In the humid haze of an early summer morning, Ash Hobson Carr walks up and down rows of snapdragons and delphiniums, expertly snipping long stems of bright blooms. On the 6 acres in Highland Springs that she shares cooperatively with two other farming enterprises, Hobson Carr’s Hazel Witch Farm flower business is blooming.

So is Jenny and Paul Maloney’s Wind Haven Farm in King William County, where Jenny’s love of flowers went from a front-yard garden 10 years ago to a thriving wholesale flower business on an 11-acre farm with 7 acres in production. “When I first got into [the local wholesale flower market], there was just me and one other guy,” Jenny Maloney says. “Now there are a slew of people selling wholesale.

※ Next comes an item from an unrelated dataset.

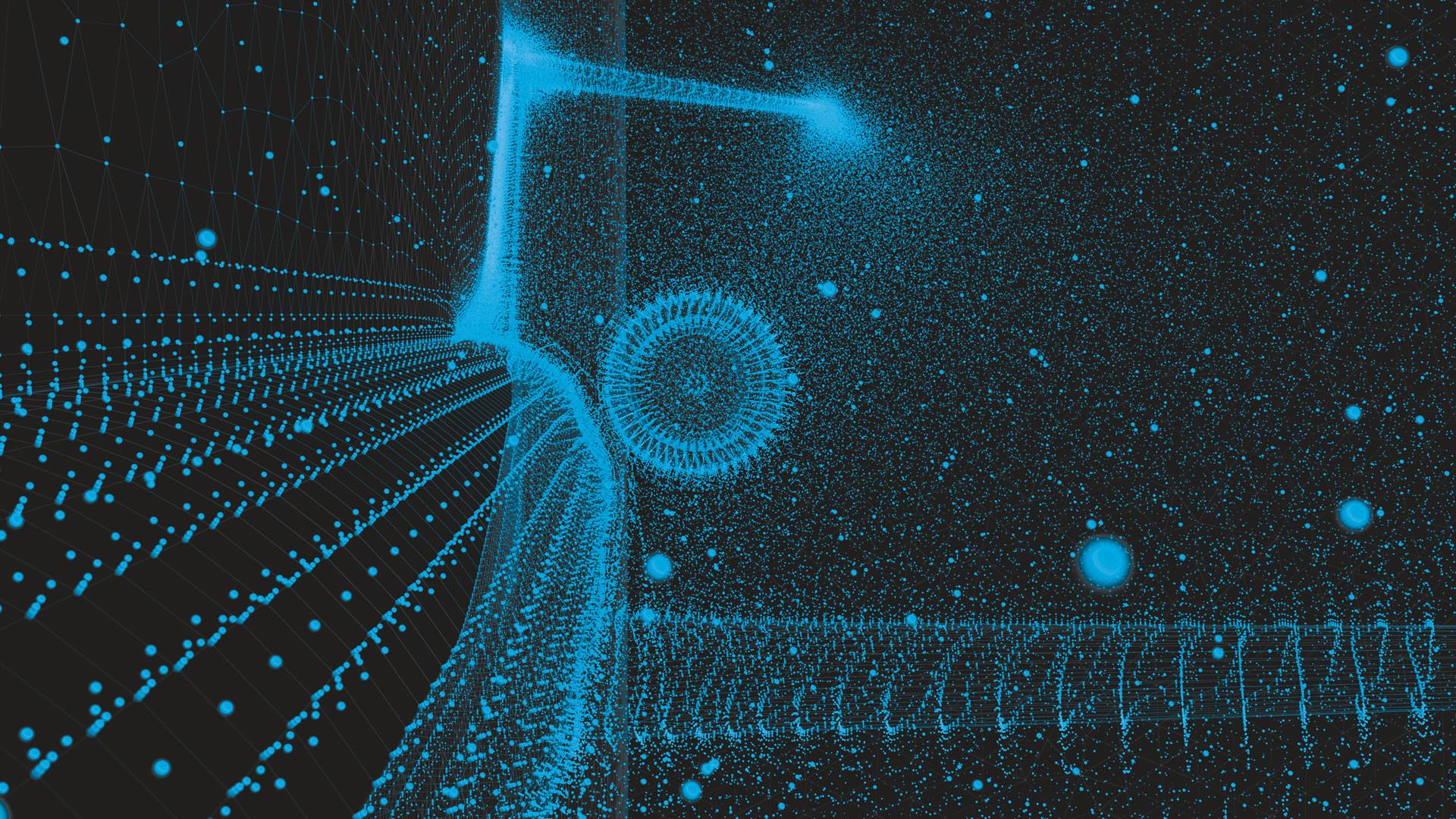 Zusammenspiel von digitaler und physischer Ingenieurskunst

It has exploded in the last 10 years.”

“We are constantly out there harvesting,” says Britton Barbee, who, with her husband, Walter, runs Prospect Hill Flower Farm, producing flowers on about 2 acres of an old cattle farm in Louisa County. “I was surprised at the demand.” From Bumpass to Williamsburg, from Mechanicsville to Powhatan, everything’s coming up… well, not roses, but dahlias, cosmos, and zinnias as flower farmers reclaim a beautiful business.

Once, flower farms in the United States were prolific, particularly in California. Then, in 1991, the U.S. implemented the Andean Trade Act, which removed tariffs for 13 years on South American agricultural products. The intent was to limit coca farming, the key ingredient in cocaine, in Colombia and create jobs in a country ravaged by civil war. The U.S. is still the world’s largest consumer of cut flowers. But now, most of those blooms come from Colombia. It’s the largest producer of cut flowers in the world, exporting more than 660 million stems in 2020.